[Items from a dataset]
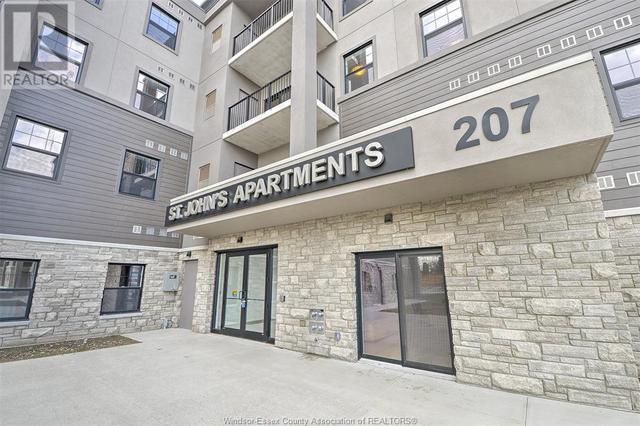 401 - 207 Brock, Condo with 2 bedrooms, 2 bathrooms and null parking in Amherstburg ON | Image 2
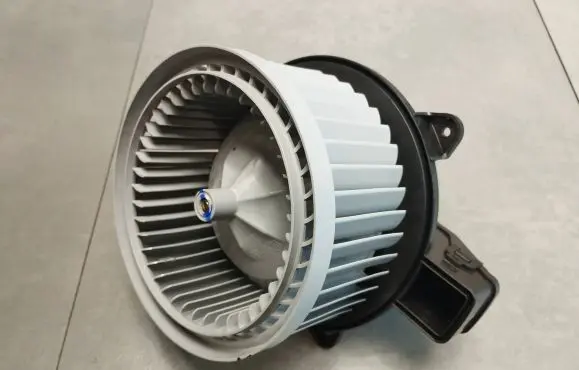 Volkswagen Amarok II Heater fan/blower 013011500E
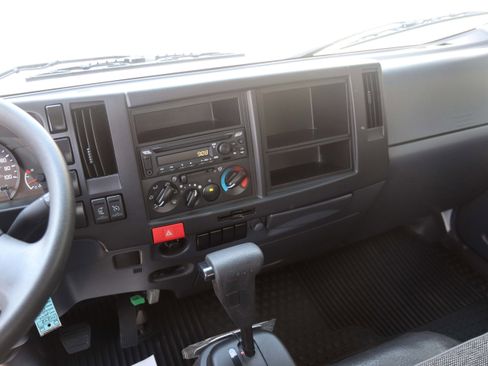 Used 2024 Isuzu NPR image 23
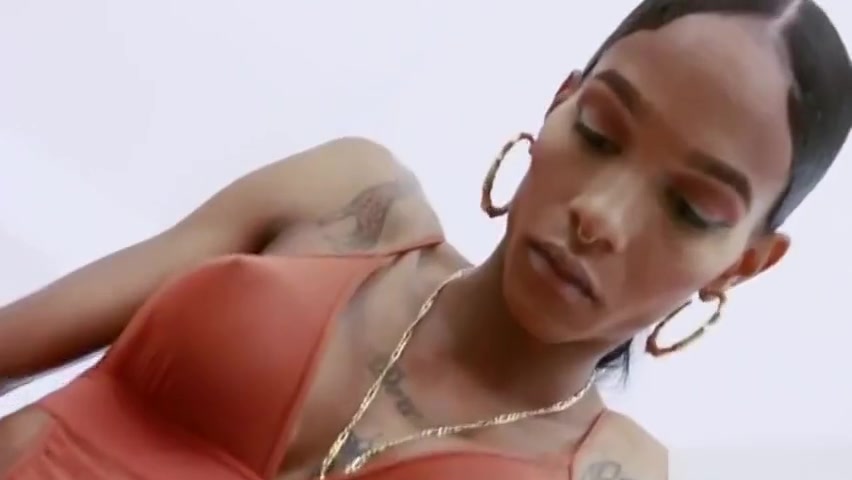 Hot shemale rimjob with cumshot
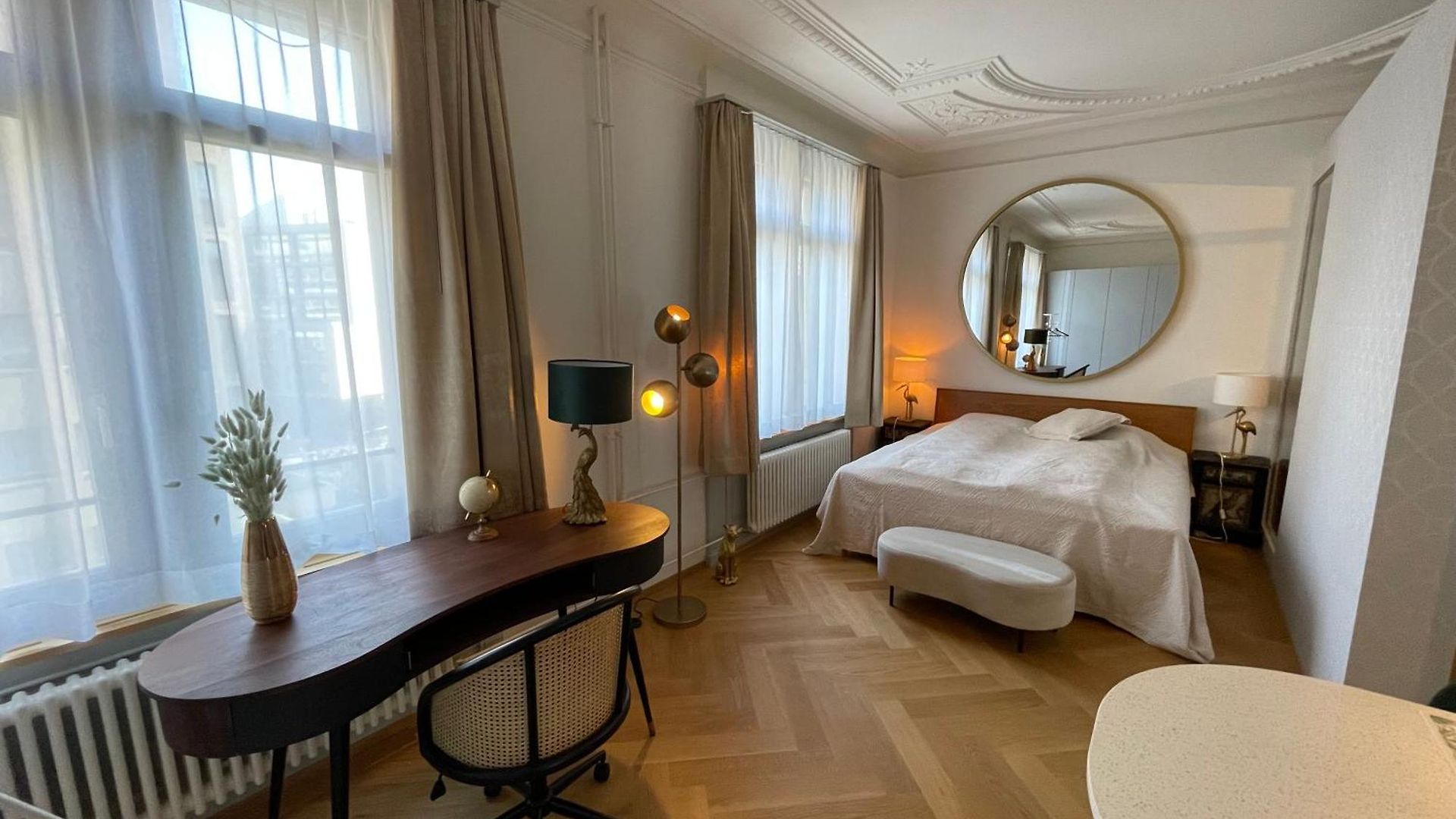 Apartment Exclusive Next To Main Station *
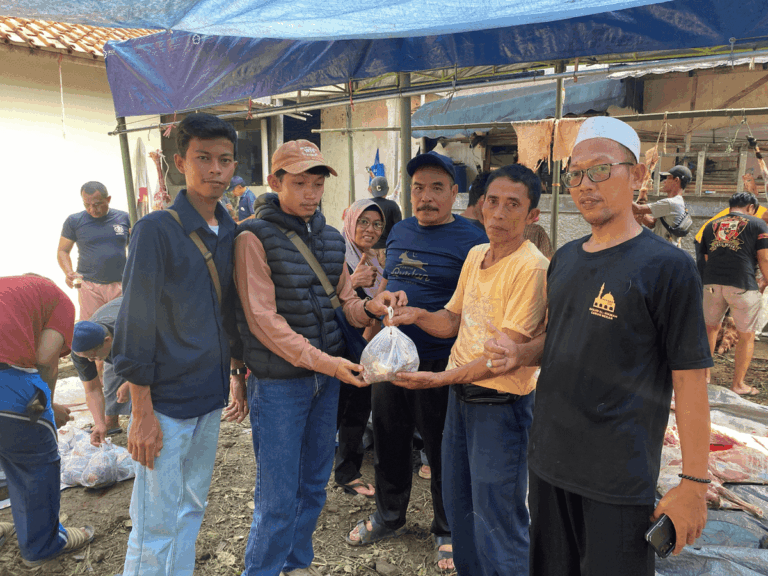 Idul Adha 1445H, 7 karyawan terbaik wakili Adev berkurban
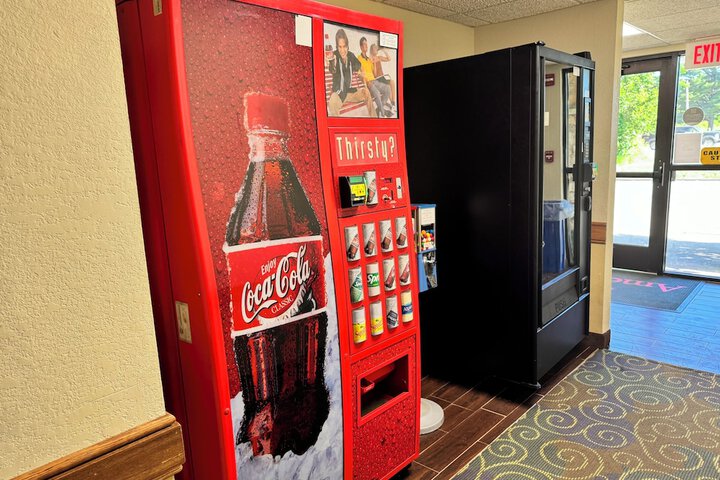 AmericInn by Wyndham Kewanee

* _What you need to do_
Pictures don't belong in the copy. Transcribe every record exactly as it appears.

* _Result of the task_
 401 - 207 Brock, Condo with 2 bedrooms, 2 bathrooms and null parking in Amherstburg ON | Image 2
 Volkswagen Amarok II Heater fan/blower 013011500E
 Used 2024 Isuzu NPR image 23
 Hot shemale rimjob with cumshot
 Apartment Exclusive Next To Main Station *
 Idul Adha 1445H, 7 karyawan terbaik wakili Adev berkurban
 AmericInn by Wyndham Kewanee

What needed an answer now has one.